> DATA

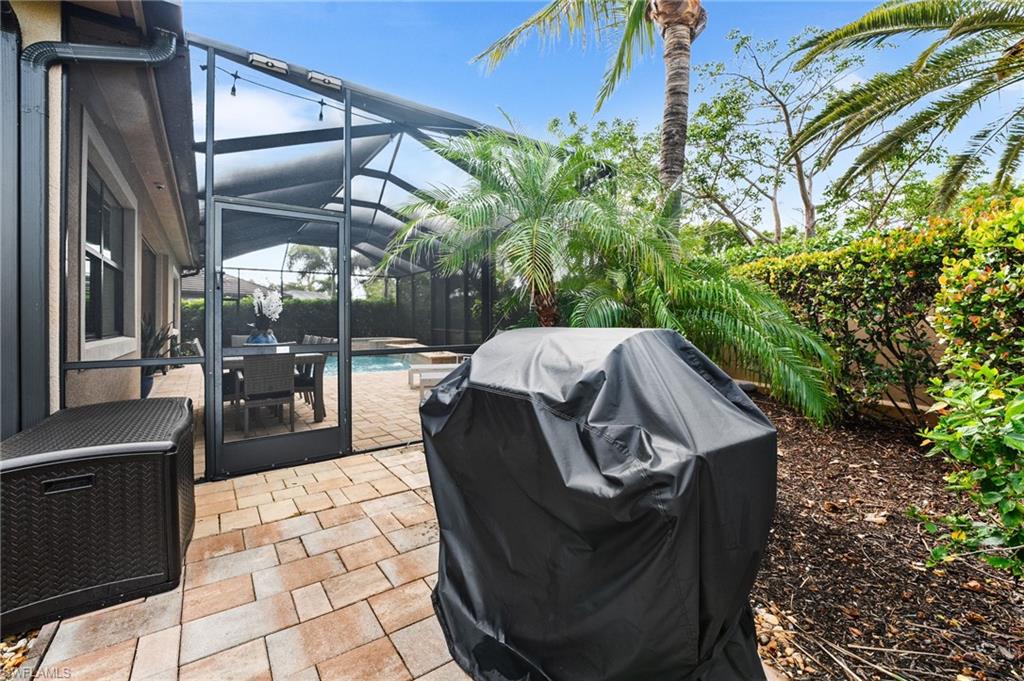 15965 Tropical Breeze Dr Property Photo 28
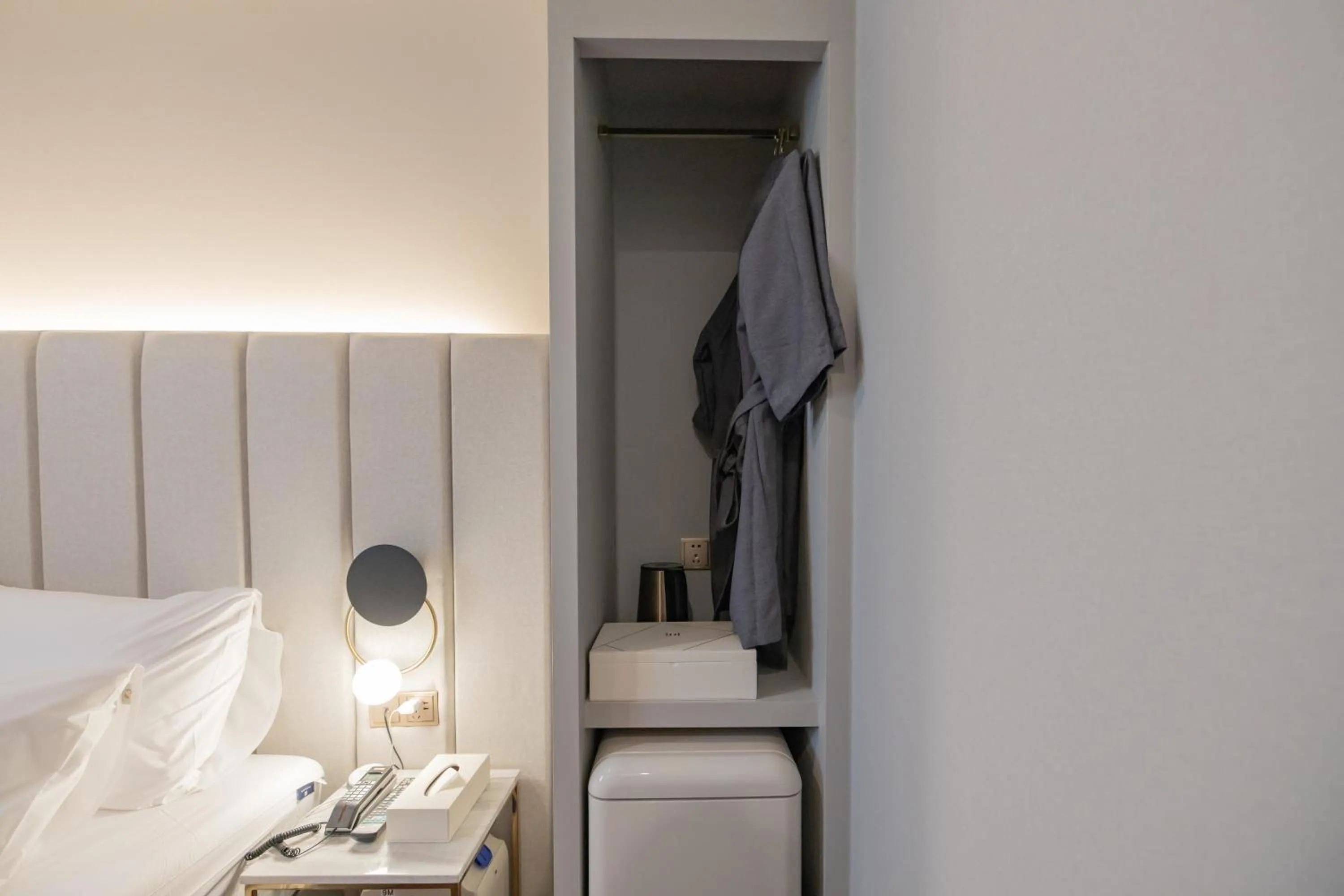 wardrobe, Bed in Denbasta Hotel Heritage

--

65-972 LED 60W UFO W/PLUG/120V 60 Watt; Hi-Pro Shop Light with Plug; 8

> BRIEF
Reproduce the data above exactly, but only from the line containing "15965 Tropical Breeze Dr Property Photo 28" through the line containing "wardrobe, Bed in Denbasta Hotel Heritage". Omit all pictures.

> RESPONSE TO THE EXERCISE
 15965 Tropical Breeze Dr Property Photo 28
 wardrobe, Bed in Denbasta Hotel Heritage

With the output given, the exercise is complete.